Montgomery County proposes outside operator for golf course

By Miranda S. Spivack
Washington Post Staff Writer
Tuesday, January 26, 2010

A Montgomery County task force charged with saving the Sligo Creek Golf Course at little or no cost to taxpayers is recommending looking to the private sector for a solution.

The hope is that someone will step forward to take over operations, make improvements at the course, cover expenses and turn a profit.

The report, made public Monday, suggests that the county's revenue authority should continue to operate Sligo until an alternative can be found. The agency could cut costs, the report said, by closing Sligo in winter and by getting golfers to raise funds to pay for improvements.

Among the problems: an aging clubhouse, antiquated irrigation system and facilities that are not in compliance with the Americans With Disabilities Act.

Sligo is one of a handful of inside-the-Beltway courses and the only nine-hole course remaining in Montgomery's publicly run system. Sligo backers say it has the most diverse clientele of any county course and caters to beginners and those who like an unhurried environment.

The task force's findings were not supported by all members. Some wrote about their concerns, such as Keith Miller, head of the county's revenue authority. He has long maintained that Sligo is a money pit that cannot be sustained without substantial changes, including night lights and a driving range. Miller said the proposal for an outside operator "has a very small chance of success . . . and will continue to delay a true resolution of the situation." If an outside operator is brought in but not required to make improvements, he said, "it will only delay the long-term needs of the property and leave Sligo Creek in a tougher predicament than it is now."

Miller had proposed closing Sligo last fall, sparking an outcry from golfers and residents, which spurred politicians to look for ways to keep it afloat. The task force to study the course's future was set up after County Council member Valerie Ervin (D-Silver Spring) introduced a bill, and County Executive Isiah Leggett (D) asked the council to approve $150,000 to keep the course open through June. Also challenging the conclusions were the county's recreation and parks advisory board, chaired by Donna W. Bartko. Bartko's group recommended that Sligo become a park.

"It is fruitless to pursue a third-party operator with the expectation that it would succeed where two competent agencies familiar with the course have failed," Bartko wrote. And parks chief Mary Bradford, whose agency would get the land back if Bartko's proposal were accepted, said she preferred to keep Sligo a golf course, have the revenue authority remain in charge, and allow outside fundraising and more involvement by the community in managing the course.

The 17-member task force, chaired by Tedi Osias, a county housing official, said its members were not certain that they had been given a true picture by the revenue authority of Sligo's financial condition. Authority members estimate the course serves about 2,400 golfers.

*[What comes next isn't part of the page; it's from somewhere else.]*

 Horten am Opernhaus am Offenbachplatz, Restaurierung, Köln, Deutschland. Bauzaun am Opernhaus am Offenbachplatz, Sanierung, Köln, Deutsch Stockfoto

The task force gave credence to golfers' claims in the past two years that the county revenue authority relied on an accounting system that appears to have been inherently unfair to Sligo, because the agency charged the small, unlit course the same management fees it does at larger courses with night lights, up to 27 holes and driving ranges. The revenue authority took over operation of Sligo in 2006, along with three other courses that had been run by the park system, adding them to six courses already run by the authority.

The task force report said that Sligo had been allowed to decline before it came under the authority, and its facilities were neglected "for a prolonged period of time; a majority of the task force believes that the county has an obligation to help pay for these repairs."

The county government is facing a potential $600 million shortfall in its $4.47 billion budget. Last week county officials, led by Leggett, made sweeping promises to build more classrooms in a school system that says many of its aging schools are bursting with students.

The issue will return to the County Council for further action.